A Psilocibina e a Nova Geografia da Consciência: Um Comentário sobre os Dados Epidemiológicos dos EUA e o Silêncio Institucional Brasileiro
Autores
Daniel Rodrigues
Advogado, professor, psicoterapeuta, yogi, livre pesquisador e micologista amador.
Atua na interseção entre saúde mental, consciência e políticas públicas envolvendo fungos psilocibínicos.
Gleicy Sotéro Roberto
Biomédica com especialização em Oncologia Molecular, graduanda em Farmácia, doutoranda em Toxicologia pela Universidade de São Paulo. Pós-graduanda em Psicologia Transpessoal, mestre Reiki, apômetra e instrutora de Mindfulness. Sua linha de pesquisa concentra-se no estudo das plantas e fungos medicinais com ênfase na medicina da ayahuasca e dos cogumelos psilocibinos.
Nota dos Autores: Este artigo é um comentário crítico desenvolvido a partir do relatório "U.S. Psychedelic Use and Microdosing in 2025: Insights from a Probability-Based and Nationally Representative Survey", publicado pela RAND Corporation em janeiro de 2026 (PRIEST et al., 2026).

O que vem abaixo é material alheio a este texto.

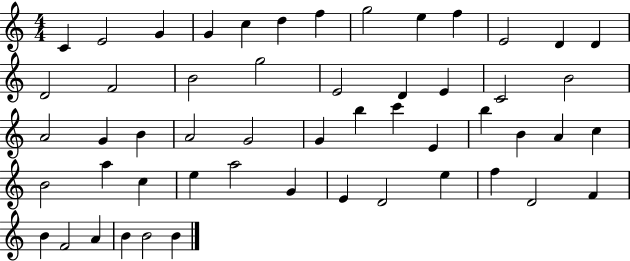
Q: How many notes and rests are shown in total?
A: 53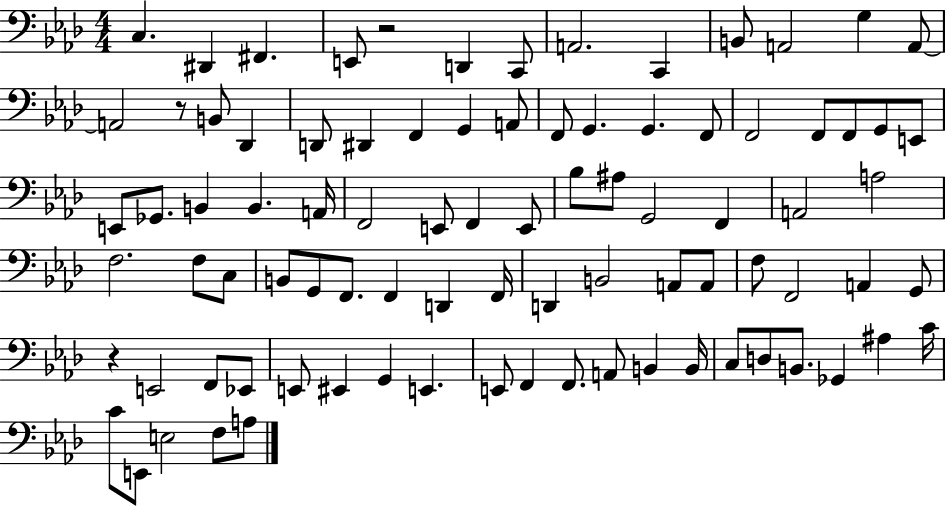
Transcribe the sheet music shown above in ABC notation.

X:1
T:Untitled
M:4/4
L:1/4
K:Ab
C, ^D,, ^F,, E,,/2 z2 D,, C,,/2 A,,2 C,, B,,/2 A,,2 G, A,,/2 A,,2 z/2 B,,/2 _D,, D,,/2 ^D,, F,, G,, A,,/2 F,,/2 G,, G,, F,,/2 F,,2 F,,/2 F,,/2 G,,/2 E,,/2 E,,/2 _G,,/2 B,, B,, A,,/4 F,,2 E,,/2 F,, E,,/2 _B,/2 ^A,/2 G,,2 F,, A,,2 A,2 F,2 F,/2 C,/2 B,,/2 G,,/2 F,,/2 F,, D,, F,,/4 D,, B,,2 A,,/2 A,,/2 F,/2 F,,2 A,, G,,/2 z E,,2 F,,/2 _E,,/2 E,,/2 ^E,, G,, E,, E,,/2 F,, F,,/2 A,,/2 B,, B,,/4 C,/2 D,/2 B,,/2 _G,, ^A, C/4 C/2 E,,/2 E,2 F,/2 A,/2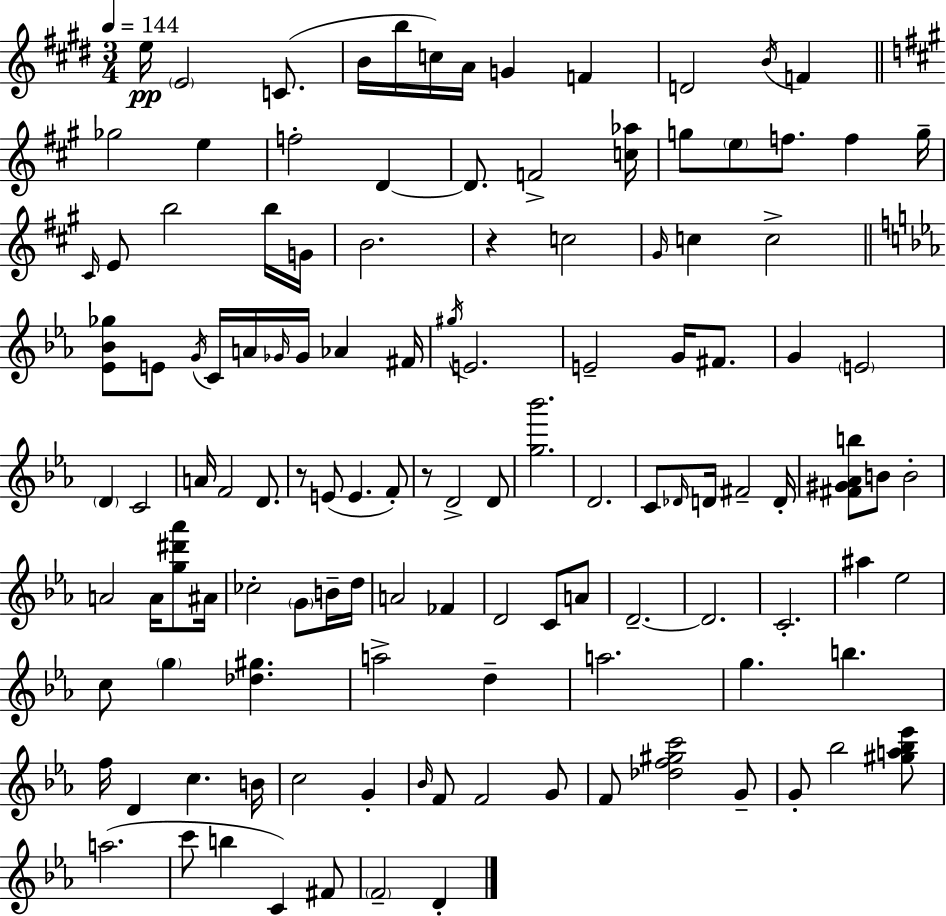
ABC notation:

X:1
T:Untitled
M:3/4
L:1/4
K:E
e/4 E2 C/2 B/4 b/4 c/4 A/4 G F D2 B/4 F _g2 e f2 D D/2 F2 [c_a]/4 g/2 e/2 f/2 f g/4 ^C/4 E/2 b2 b/4 G/4 B2 z c2 ^G/4 c c2 [_E_B_g]/2 E/2 G/4 C/4 A/4 _G/4 _G/4 _A ^F/4 ^g/4 E2 E2 G/4 ^F/2 G E2 D C2 A/4 F2 D/2 z/2 E/2 E F/2 z/2 D2 D/2 [g_b']2 D2 C/2 _D/4 D/4 ^F2 D/4 [^F^G_Ab]/2 B/2 B2 A2 A/4 [g^d'_a']/2 ^A/4 _c2 G/2 B/4 d/4 A2 _F D2 C/2 A/2 D2 D2 C2 ^a _e2 c/2 g [_d^g] a2 d a2 g b f/4 D c B/4 c2 G _B/4 F/2 F2 G/2 F/2 [_df^gc']2 G/2 G/2 _b2 [^ga_b_e']/2 a2 c'/2 b C ^F/2 F2 D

Aproximadamente 11 milhões de adultos norte-americanos relataram uso de psilocibina no último ano, substância presente nos fungos popularmente conhecidos como cogumelos mágicos (referente ao período anterior à coleta de dados em setembro de 2025). Esse número não é apenas uma estatística expressiva: ele sinaliza um deslocamento histórico na maneira como as sociedades contemporâneas se relacionam com a lei, a consciência, a saúde mental e a governança das substâncias psicoativas.

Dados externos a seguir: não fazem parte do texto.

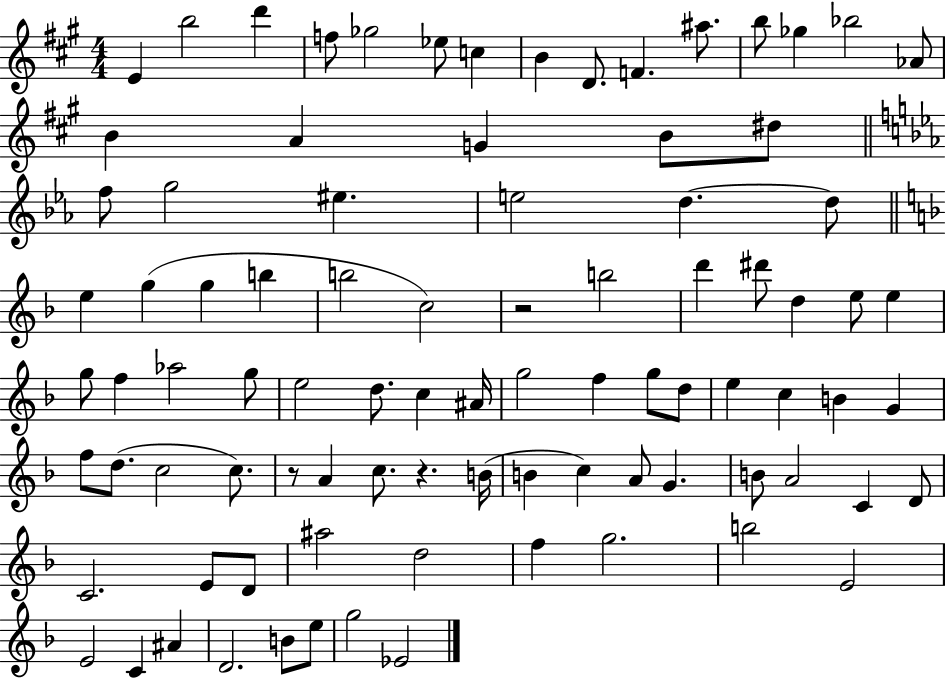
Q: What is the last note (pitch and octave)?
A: Eb4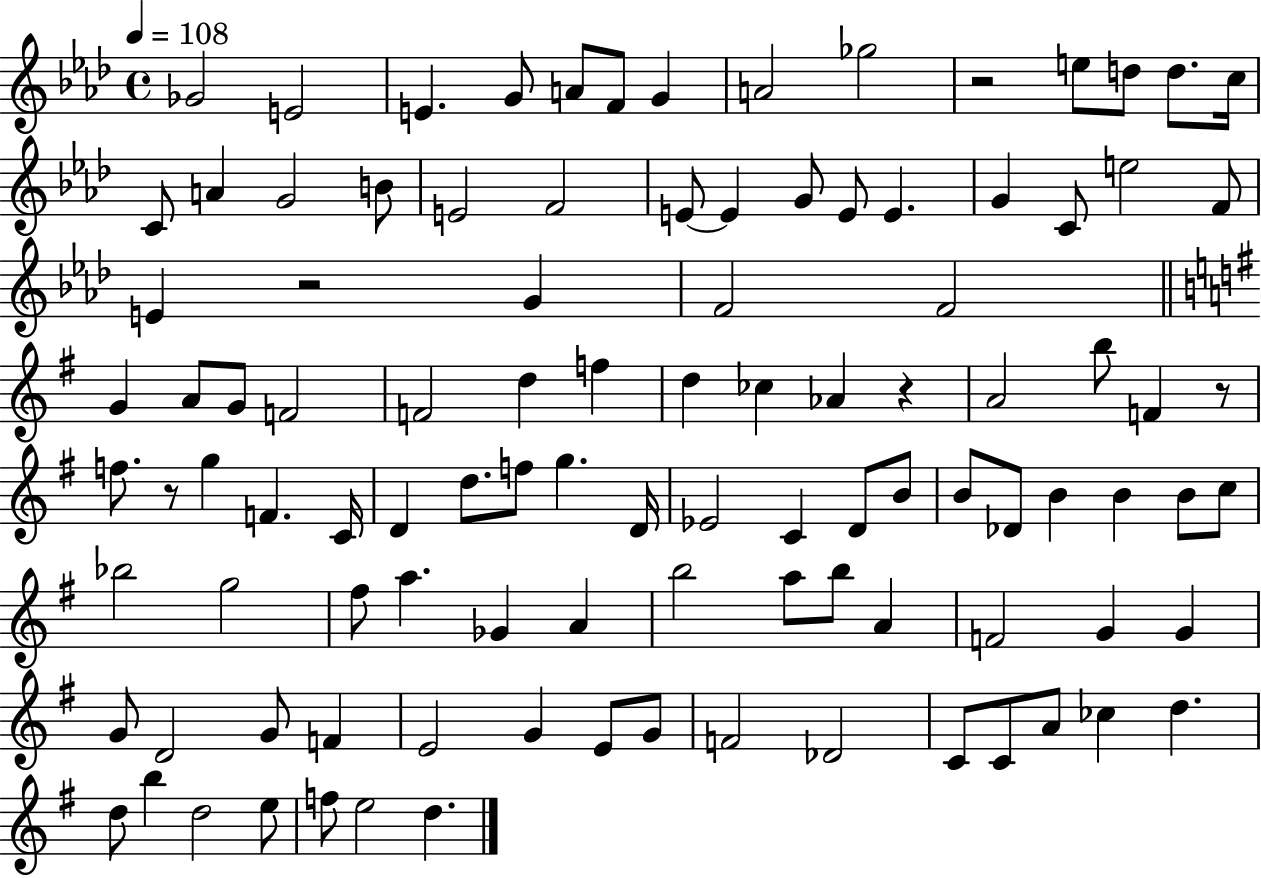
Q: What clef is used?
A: treble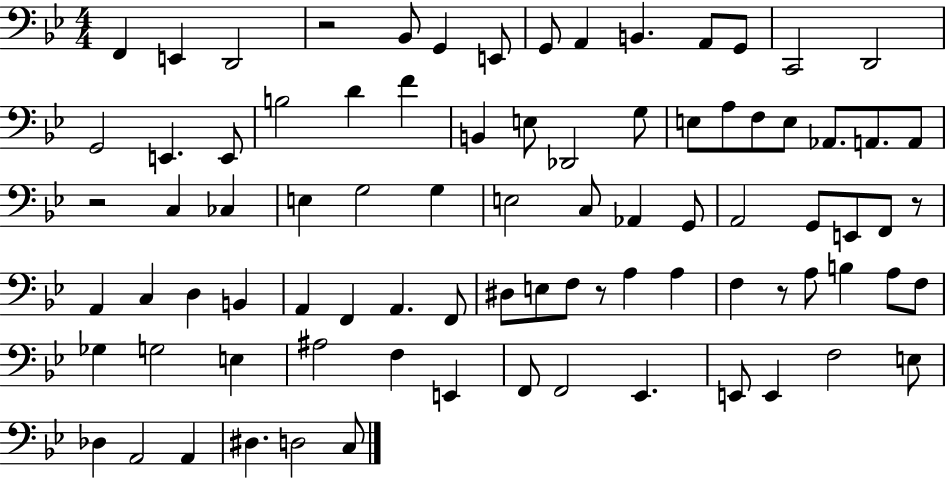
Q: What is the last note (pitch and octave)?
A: C3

Esse ponto de inflexão emerge do relatório U.S. Psychedelic Use and Microdosing in 2025, publicado pela RAND Corporation em janeiro de 2026. A pesquisa foi conduzida com amostra probabilística nacionalmente representativa de 10.122 adultos, coletada em setembro de 2025, oferecendo o retrato populacional mais preciso já produzido sobre o uso contemporâneo de psicodélicos fora de contextos clínicos.
O resultado central é inequívoco: 4,26% dos adultos dos Estados Unidos (cerca de 11 milhões de pessoas) usaram psilocibina no último ano, conforme observado na Figura 1 e na Tabela 1. Quando uma prática atinge essa escala, ela deixa de ser marginal. Torna-se um fenômeno social mensurável, com implicações diretas para saúde pública, regulação e cultura.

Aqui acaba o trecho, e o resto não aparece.